┌─ DATA

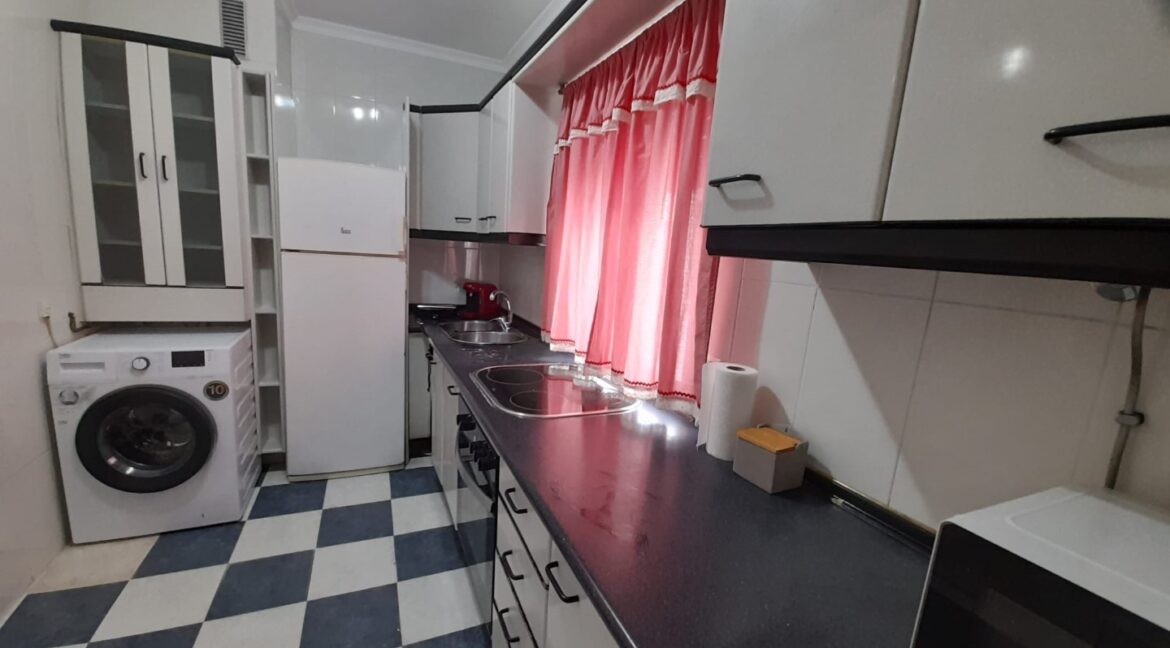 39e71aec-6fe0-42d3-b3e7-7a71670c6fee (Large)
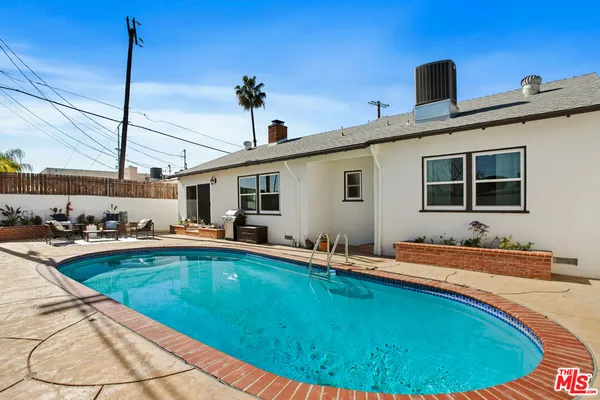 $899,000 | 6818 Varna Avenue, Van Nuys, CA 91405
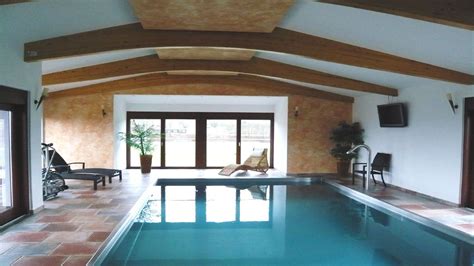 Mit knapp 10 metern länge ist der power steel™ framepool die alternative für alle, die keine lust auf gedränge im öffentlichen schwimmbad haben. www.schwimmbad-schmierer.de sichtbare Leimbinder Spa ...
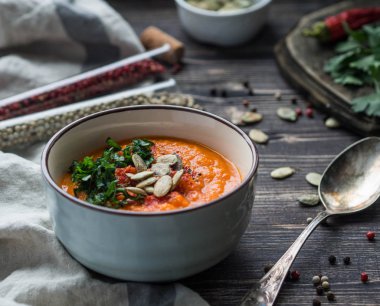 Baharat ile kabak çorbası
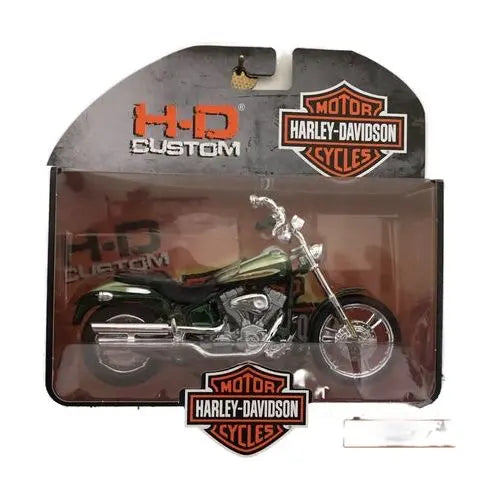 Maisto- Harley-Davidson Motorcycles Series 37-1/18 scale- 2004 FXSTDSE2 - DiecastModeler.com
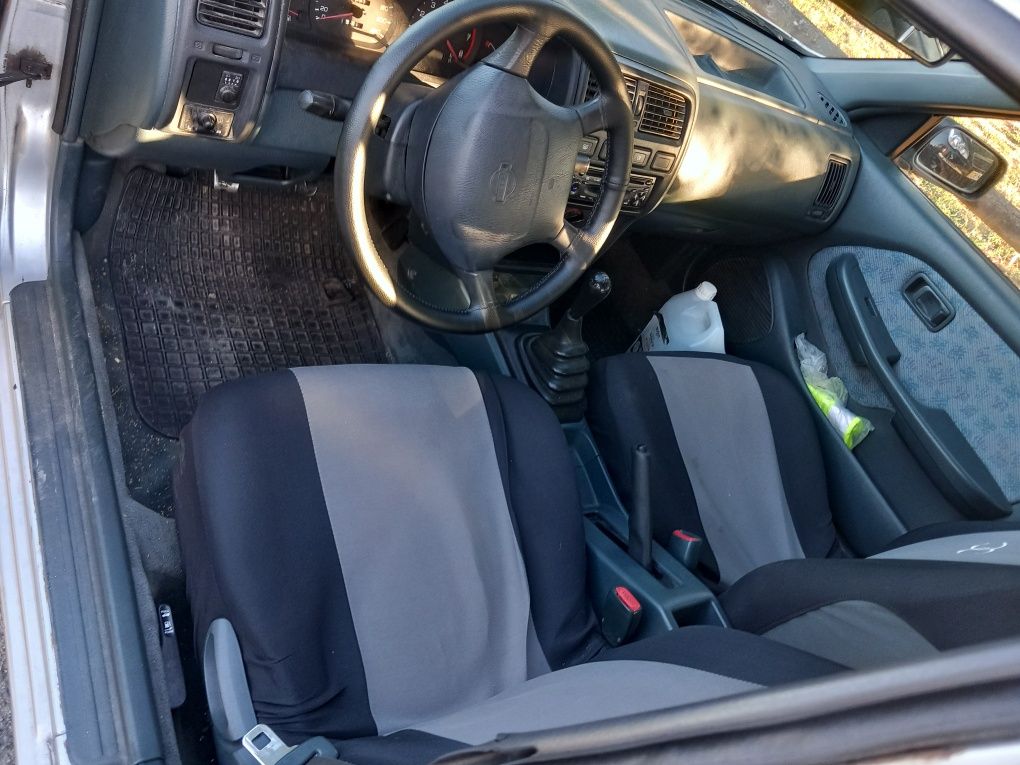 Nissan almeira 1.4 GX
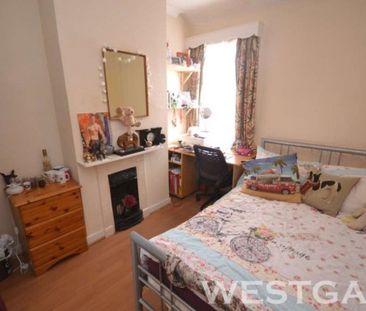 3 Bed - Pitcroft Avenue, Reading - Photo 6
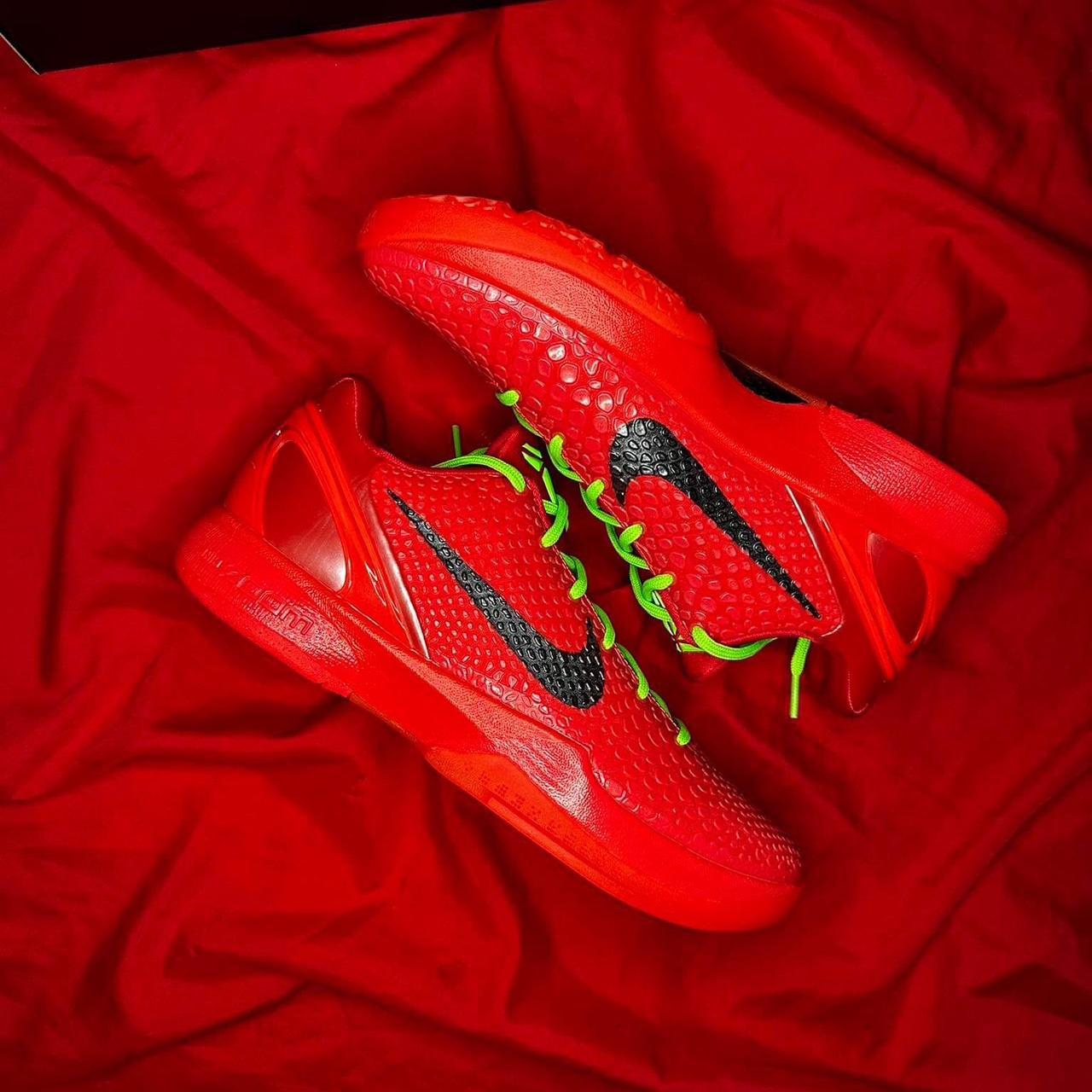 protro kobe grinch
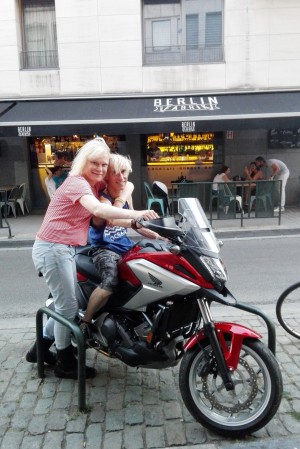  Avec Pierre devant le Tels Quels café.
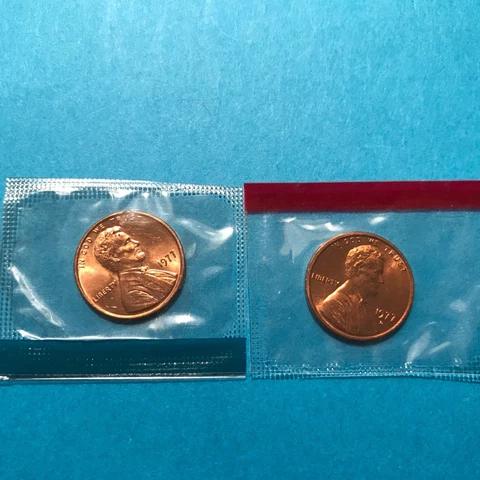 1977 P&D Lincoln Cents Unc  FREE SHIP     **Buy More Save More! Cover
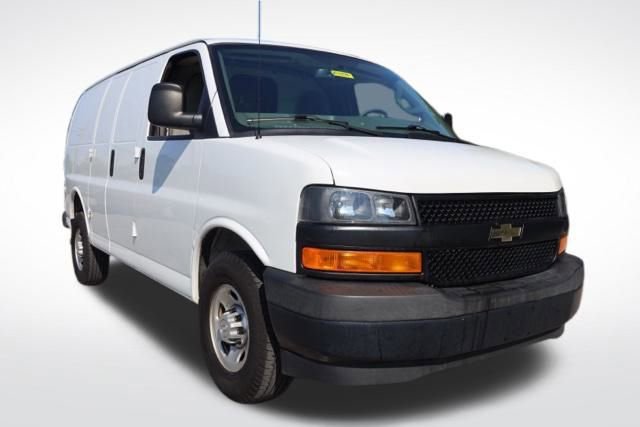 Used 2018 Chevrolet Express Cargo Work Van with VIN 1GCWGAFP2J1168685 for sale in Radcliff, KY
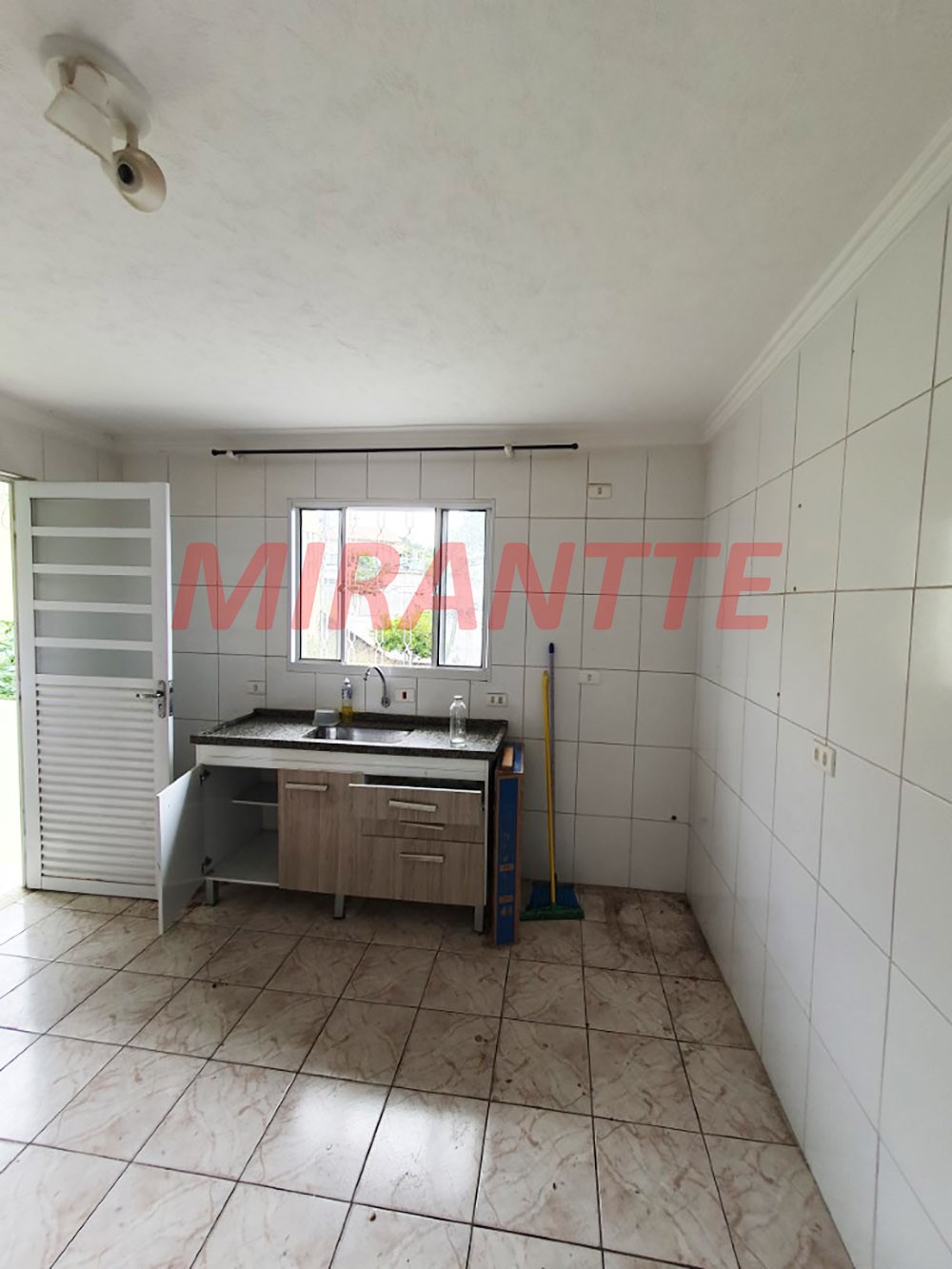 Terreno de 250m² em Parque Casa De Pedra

└─

■ EXERCISE DETAILS:
Output every entry above verbatim, but leave out the pictures.

■ TASK RESULT:
 39e71aec-6fe0-42d3-b3e7-7a71670c6fee (Large)
 $899,000 | 6818 Varna Avenue, Van Nuys, CA 91405
 Mit knapp 10 metern länge ist der power steel™ framepool die alternative für alle, die keine lust auf gedränge im öffentlichen schwimmbad haben. www.schwimmbad-schmierer.de sichtbare Leimbinder Spa ...
 Baharat ile kabak çorbası
 Maisto- Harley-Davidson Motorcycles Series 37-1/18 scale- 2004 FXSTDSE2 - DiecastModeler.com
 Nissan almeira 1.4 GX
 3 Bed - Pitcroft Avenue, Reading - Photo 6
 protro kobe grinch
  Avec Pierre devant le Tels Quels café.
 1977 P&D Lincoln Cents Unc  FREE SHIP     **Buy More Save More! Cover
 Used 2018 Chevrolet Express Cargo Work Van with VIN 1GCWGAFP2J1168685 for sale in Radcliff, KY
 Terreno de 250m² em Parque Casa De Pedra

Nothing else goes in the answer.